# Trying to find lye in Canada



## Keeperofmanya (Oct 3, 2007)

Hi. Are there any soapers from Canada on this forum? I have been trying to by lye at the stores and can't find any. My hardware store says it has been discontinued by the company. They do carry something in a gallon jug called free flowing lye crystals. The label has no other information of what might be in it or even if it is just 100% lye. Does anyone know what this stuff is? I am trying to find lye to make soap and can't find any. :Bawling:


----------



## BasicLiving (Oct 2, 2006)

I'm not sure if they ship to Canada - but I buy it from Ace Hardware here in the states and they deliver pretty quickly. They have an 800 number - maybe you can call and ask? http://www.acehardware.com/product/index.jsp?productId=2845800&cp&kw=lye&origkw=lye&sr=1


----------



## sammyd (Mar 11, 2007)

We found an unlikely source. A local Amish meat processor uses it for cleaning occasionaly. We can buy bags of it from them for less than a dollar a pound.


----------



## forestdweller (Jul 21, 2005)

Home Hardware sells it. I just picked up a gallon of lye crystals last week. $20.


----------



## Puddin (Mar 31, 2003)

Keeper....
I"m in Sask, and yes, that is the lye I use.
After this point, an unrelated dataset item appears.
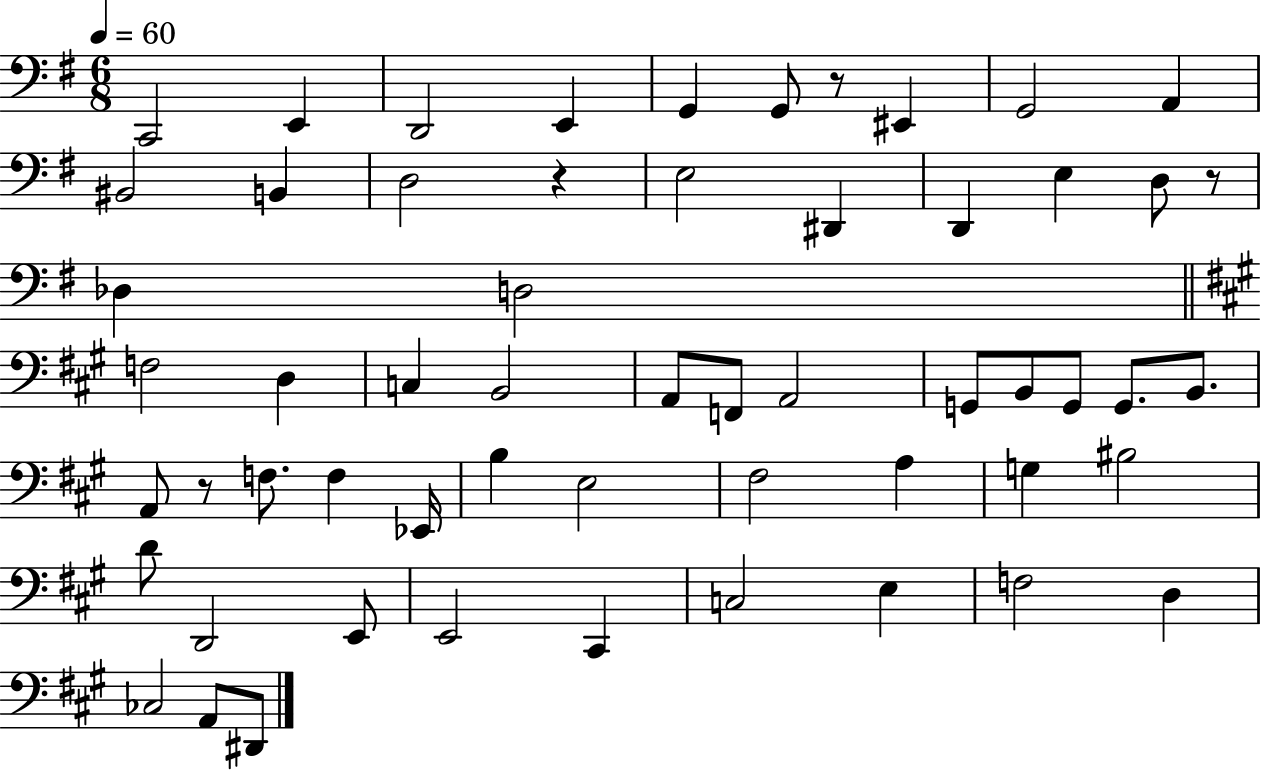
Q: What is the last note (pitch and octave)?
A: D#2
It's called lye crystals free flowing, in a gallon jug, made by "Home" (Home Hardware) out of Ontario. It does not state 100% lye. I have used it for years. The store staff assured me it was 100% lye (they have other lye products that weren't 100%). I have stocked up, since one never knows if it will be available in 5 yrs or not.
Gloria


----------



## Keeperofmanya (Oct 3, 2007)

Thanks very much. That is what my Home Hardware has to but they didn't know if it was 100% lye or not. Now I will have to go buy some. I haven't made soap in years and I didn't even relize that Gillets Lye had disappeared. Again, thanks for the information.


----------



## Puddin (Mar 31, 2003)

You are welcome... happy soaping!


----------



## canadiangirl (Jul 25, 2004)

Where are you in NS?
Clean and Bright in Enfield carries it I'm sure, if you are on that side you can pick up to avoid the hazard fees, I can't remember the web addy but do a search on C and B soap supplies/ enfield and I'm sure it will pop up. I buy it by the 50 lb bag so if you are near the Valley area pm me.


----------